Selection, Hitchhiking and Disequilibrium Analysis at Three Linked Loci with
Application to HLA Data
W.P. Robinson , A. Cambon-Thomsen , N. Borot , W. Klitz , G. Thomson
Department of Integrative Biology, University of California, Berkeley 94720.
Genetics ,
129(3), 931-948 (1991)
Abstract
The HLA system has been extensively studied from an evolutionary
perspective. Although it is clear that selection has acted on the genes in the HLA
complex, the nature of this selection has yet to be fully clarified. A study of constrained
disequilibrium values is presented that is applicable to HLA and other less polymorphic
systems with three or more linked loci, with the purpose of identifying selection events.
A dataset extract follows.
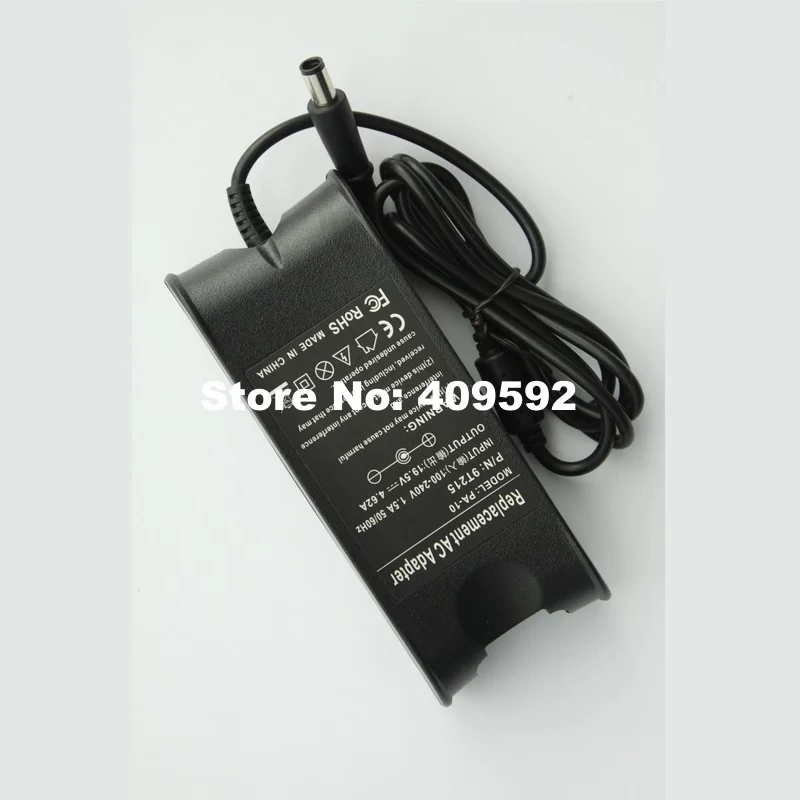 Адаптер для ноутбука Зарядное устройство 19 5 V 4.62A 90 Вт DELL PA-10 Inspiron 1420 1501 1521 1525 1526 1720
The method uses the fact that three locus systems impose additional constraints on the
range of possible disequilibrium values for any pair of loci. We have thus examined the
behavior of the normalized pairwise disequilibrium measures using two locus (D'), and
also three locus (D"), constraints on pairwise disequilibria in a three locus system when
one of the three loci is under positive selection. The difference between these measures,
delta = magnitude of D' - magnitude of D", has a distribution for the two unselected loci
differing from that for the selected locus with either of the unselected loci (the hallmark is
a high positive value of delta for the two unselected loci). An examination of genetic drift
indicates that positive delta values are unlikely to be found in human populations in the
absence of selection when recombination is greater than about 0.1%. This measure can
thus provide insight into which allele of several linked loci might have been subject to
selection. Application of this method to HLA haplotypes from a large French population
study (Provinces Francaise) identifies selected alleles on particular haplotypes.
Application of a complementary method, disequilibrium pattern analysis also confirms the
action of selection on these haplotypes.